Part of the concept of absolute time was the assumption that it was valid to say things like, “I wonder what my uncle in Beijing is doing right now.” In the nonrelativistic world-view, clocks in Los Angeles and Beijing could be synchronized and stay synchronized, so we could unambiguously define the concept of things happening simultaneously in different places. It is easy to find examples, however, where events that seem to be simultaneous in one frame of reference are not simultaneous in another frame. In figure i, a flash of light is set off in the center of the rocket's cargo hold. According to a passenger on the rocket, the parts of the light traveling forward and backward have equal distances to travel to reach the front and back walls, so they get there simultaneously.
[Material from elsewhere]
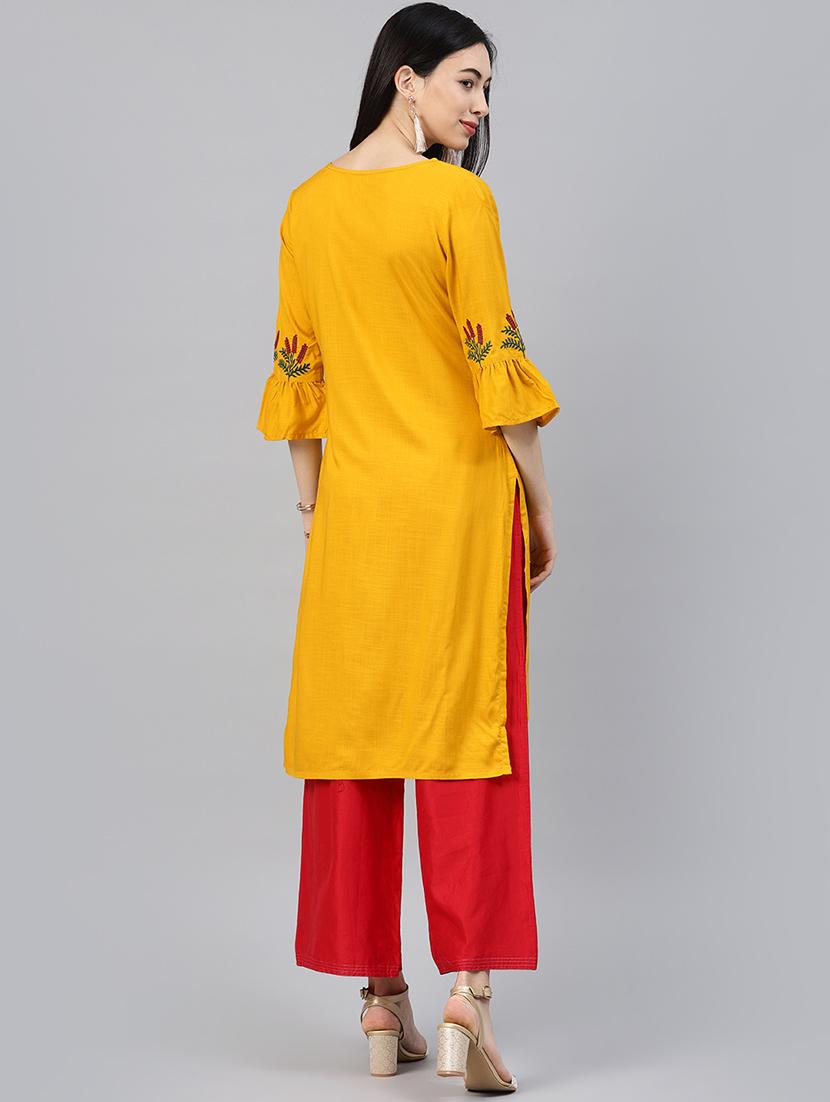 embroidered straight kurta - 15972108 - Zoom Image - 3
But an outside observer who sees the rocket cruising by at high speed will see the flash hit the back wall first, because the wall is rushing up to meet it, and the forward-going part of the flash hit the front wall later, because the wall was running away from it.
i / Different observers don't agree that the flashes of light hit the front and back of the ship simultaneously.
We conclude that simultaneity is not a well-defined concept. This idea may be easier to accept if we compare time with space. Even in plain old Galilean relativity, points in space have no identity of their own: you may think that two events happened at the same point in space, but anyone else in a differently moving frame of reference says they happened at different points in space. For instance, suppose you tap your knuckles on your desk right now, count to five, and then do it again. In your frame of reference, the taps happened at the same location in space, but according to an observer on Mars, your desk was on the surface of a planet hurtling through space at high speed, and the second tap was hundreds of kilometers away from the first.
Relativity says that time is the same way - both simultaneity and “simulplaceity” are meaningless concepts. Only when the relative velocity of two frames is small compared to the speed of light will observers in those frames agree on the simultaneity of events.
j / In the garage's frame of reference, 1, the bus is moving, and can fit in the garage. In the bus's frame of reference, the garage is moving, and can't hold the bus.
The garage paradox
One of the most famous of all the so-called relativity paradoxes has to do with our incorrect feeling that simultaneity is well defined. The idea is that one could take a schoolbus and drive it at relativistic speeds into a garage of ordinary size, in which it normally would not fit. Because of the length contraction, the bus would supposedly fit in the garage. The paradox arises when we shut the door and then quickly slam on the brakes of the bus. An observer in the garage's frame of reference will claim that the bus fit in the garage because of its contracted length. The driver, however, will perceive the garage as being contracted and thus even less able to contain the bus. The paradox is resolved when we recognize that the concept of fitting the bus in the garage “all at once” contains a hidden assumption, the assumption that it makes sense to ask whether the front and back of the bus can simultaneously be in the garage. Observers in different frames of reference moving at high relative speeds do not necessarily agree on whether things happen simultaneously. The person in the garage's frame can shut the door at an instant he perceives to be simultaneous with the front bumper's arrival at the back wall of the garage, but the driver would not agree about the simultaneity of these two events, and would perceive the door as having shut long after she plowed through the back wall.